* [Exercise instructions]: Exactly as given, transcribe each entry that follows.

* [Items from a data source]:

◇ ◇ ◇ ◇ ◇ ◇ ◇

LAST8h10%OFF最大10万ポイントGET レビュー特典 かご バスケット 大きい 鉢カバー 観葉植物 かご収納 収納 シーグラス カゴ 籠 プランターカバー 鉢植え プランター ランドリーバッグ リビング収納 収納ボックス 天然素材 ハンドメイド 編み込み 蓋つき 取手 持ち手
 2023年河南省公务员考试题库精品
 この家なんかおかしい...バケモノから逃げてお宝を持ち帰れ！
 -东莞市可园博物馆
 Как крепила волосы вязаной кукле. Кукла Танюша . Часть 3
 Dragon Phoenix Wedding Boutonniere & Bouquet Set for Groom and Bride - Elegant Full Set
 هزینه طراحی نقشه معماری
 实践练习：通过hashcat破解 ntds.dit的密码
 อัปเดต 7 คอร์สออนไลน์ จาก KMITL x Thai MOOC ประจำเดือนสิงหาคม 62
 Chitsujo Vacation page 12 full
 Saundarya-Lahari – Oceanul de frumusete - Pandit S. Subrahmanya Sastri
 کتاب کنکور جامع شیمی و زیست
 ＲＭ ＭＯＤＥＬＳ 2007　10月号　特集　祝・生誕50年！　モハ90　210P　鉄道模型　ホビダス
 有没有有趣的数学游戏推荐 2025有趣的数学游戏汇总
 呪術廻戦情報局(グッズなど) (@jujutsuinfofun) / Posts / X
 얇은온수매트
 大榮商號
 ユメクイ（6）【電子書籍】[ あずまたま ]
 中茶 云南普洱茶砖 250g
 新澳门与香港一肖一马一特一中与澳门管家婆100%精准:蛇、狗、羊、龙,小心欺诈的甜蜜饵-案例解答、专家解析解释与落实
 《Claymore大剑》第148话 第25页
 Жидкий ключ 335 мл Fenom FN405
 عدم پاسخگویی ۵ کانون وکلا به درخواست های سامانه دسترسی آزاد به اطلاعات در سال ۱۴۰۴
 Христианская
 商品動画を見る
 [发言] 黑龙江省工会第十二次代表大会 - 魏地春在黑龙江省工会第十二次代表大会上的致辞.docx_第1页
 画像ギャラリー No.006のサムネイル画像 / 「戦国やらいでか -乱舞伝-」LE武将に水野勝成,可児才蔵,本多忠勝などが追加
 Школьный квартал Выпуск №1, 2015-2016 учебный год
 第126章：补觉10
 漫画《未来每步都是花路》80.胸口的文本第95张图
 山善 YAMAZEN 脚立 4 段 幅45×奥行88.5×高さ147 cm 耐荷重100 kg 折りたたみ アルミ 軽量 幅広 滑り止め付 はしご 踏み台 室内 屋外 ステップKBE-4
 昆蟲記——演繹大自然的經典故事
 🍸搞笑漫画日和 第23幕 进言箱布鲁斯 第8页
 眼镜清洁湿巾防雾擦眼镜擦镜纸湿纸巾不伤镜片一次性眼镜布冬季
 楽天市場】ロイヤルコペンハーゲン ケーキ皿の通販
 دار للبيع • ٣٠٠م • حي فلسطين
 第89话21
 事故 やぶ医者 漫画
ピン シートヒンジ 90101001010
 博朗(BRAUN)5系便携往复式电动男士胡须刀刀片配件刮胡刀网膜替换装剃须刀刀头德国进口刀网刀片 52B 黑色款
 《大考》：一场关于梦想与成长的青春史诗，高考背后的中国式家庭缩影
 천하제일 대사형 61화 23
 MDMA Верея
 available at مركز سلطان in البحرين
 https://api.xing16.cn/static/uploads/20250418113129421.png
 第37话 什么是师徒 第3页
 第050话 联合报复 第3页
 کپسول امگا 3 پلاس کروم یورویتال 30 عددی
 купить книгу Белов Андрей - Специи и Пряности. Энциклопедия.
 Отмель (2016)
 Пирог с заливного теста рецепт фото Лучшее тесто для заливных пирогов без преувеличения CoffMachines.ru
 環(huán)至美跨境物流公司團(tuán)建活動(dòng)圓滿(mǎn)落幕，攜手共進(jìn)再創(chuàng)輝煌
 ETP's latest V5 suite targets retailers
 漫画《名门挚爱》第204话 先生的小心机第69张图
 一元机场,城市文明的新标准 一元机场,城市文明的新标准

◇ ◇ ◇ ◇ ◇ ◇ ◇

* [Reply]:
LAST8h10%OFF最大10万ポイントGET レビュー特典 かご バスケット 大きい 鉢カバー 観葉植物 かご収納 収納 シーグラス カゴ 籠 プランターカバー 鉢植え プランター ランドリーバッグ リビング収納 収納ボックス 天然素材 ハンドメイド 編み込み 蓋つき 取手 持ち手
 2023年河南省公务员考试题库精品
 この家なんかおかしい...バケモノから逃げてお宝を持ち帰れ！
 -东莞市可园博物馆
 Как крепила волосы вязаной кукле. Кукла Танюша . Часть 3
 Dragon Phoenix Wedding Boutonniere & Bouquet Set for Groom and Bride - Elegant Full Set
 هزینه طراحی نقشه معماری
 实践练习：通过hashcat破解 ntds.dit的密码
 อัปเดต 7 คอร์สออนไลน์ จาก KMITL x Thai MOOC ประจำเดือนสิงหาคม 62
 Chitsujo Vacation page 12 full
 Saundarya-Lahari – Oceanul de frumusete - Pandit S. Subrahmanya Sastri
 کتاب کنکور جامع شیمی و زیست
 ＲＭ ＭＯＤＥＬＳ 2007　10月号　特集　祝・生誕50年！　モハ90　210P　鉄道模型　ホビダス
 有没有有趣的数学游戏推荐 2025有趣的数学游戏汇总
 呪術廻戦情報局(グッズなど) (@jujutsuinfofun) / Posts / X
 얇은온수매트
 大榮商號
 ユメクイ（6）【電子書籍】[ あずまたま ]
 中茶 云南普洱茶砖 250g
 新澳门与香港一肖一马一特一中与澳门管家婆100%精准:蛇、狗、羊、龙,小心欺诈的甜蜜饵-案例解答、专家解析解释与落实
 《Claymore大剑》第148话 第25页
 Жидкий ключ 335 мл Fenom FN405
 عدم پاسخگویی ۵ کانون وکلا به درخواست های سامانه دسترسی آزاد به اطلاعات در سال ۱۴۰۴
 Христианская
 商品動画を見る
 [发言] 黑龙江省工会第十二次代表大会 - 魏地春在黑龙江省工会第十二次代表大会上的致辞.docx_第1页
 画像ギャラリー No.006のサムネイル画像 / 「戦国やらいでか -乱舞伝-」LE武将に水野勝成,可児才蔵,本多忠勝などが追加
 Школьный квартал Выпуск №1, 2015-2016 учебный год
 第126章：补觉10
 漫画《未来每步都是花路》80.胸口的文本第95张图
 山善 YAMAZEN 脚立 4 段 幅45×奥行88.5×高さ147 cm 耐荷重100 kg 折りたたみ アルミ 軽量 幅広 滑り止め付 はしご 踏み台 室内 屋外 ステップKBE-4
 昆蟲記——演繹大自然的經典故事
 🍸搞笑漫画日和 第23幕 进言箱布鲁斯 第8页
 眼镜清洁湿巾防雾擦眼镜擦镜纸湿纸巾不伤镜片一次性眼镜布冬季
 楽天市場】ロイヤルコペンハーゲン ケーキ皿の通販
 دار للبيع • ٣٠٠م • حي فلسطين
 第89话21
 事故 やぶ医者 漫画
ピン シートヒンジ 90101001010
 博朗(BRAUN)5系便携往复式电动男士胡须刀刀片配件刮胡刀网膜替换装剃须刀刀头德国进口刀网刀片 52B 黑色款
 《大考》：一场关于梦想与成长的青春史诗，高考背后的中国式家庭缩影
 천하제일 대사형 61화 23
 MDMA Верея
 available at مركز سلطان in البحرين
 https://api.xing16.cn/static/uploads/20250418113129421.png
 第37话 什么是师徒 第3页
 第050话 联合报复 第3页
 کپسول امگا 3 پلاس کروم یورویتال 30 عددی
 купить книгу Белов Андрей - Специи и Пряности. Энциклопедия.
 Отмель (2016)
 Пирог с заливного теста рецепт фото Лучшее тесто для заливных пирогов без преувеличения CoffMachines.ru
 環(huán)至美跨境物流公司團(tuán)建活動(dòng)圓滿(mǎn)落幕，攜手共進(jìn)再創(chuàng)輝煌
 ETP's latest V5 suite targets retailers
 漫画《名门挚爱》第204话 先生的小心机第69张图
 一元机场,城市文明的新标准 一元机场,城市文明的新标准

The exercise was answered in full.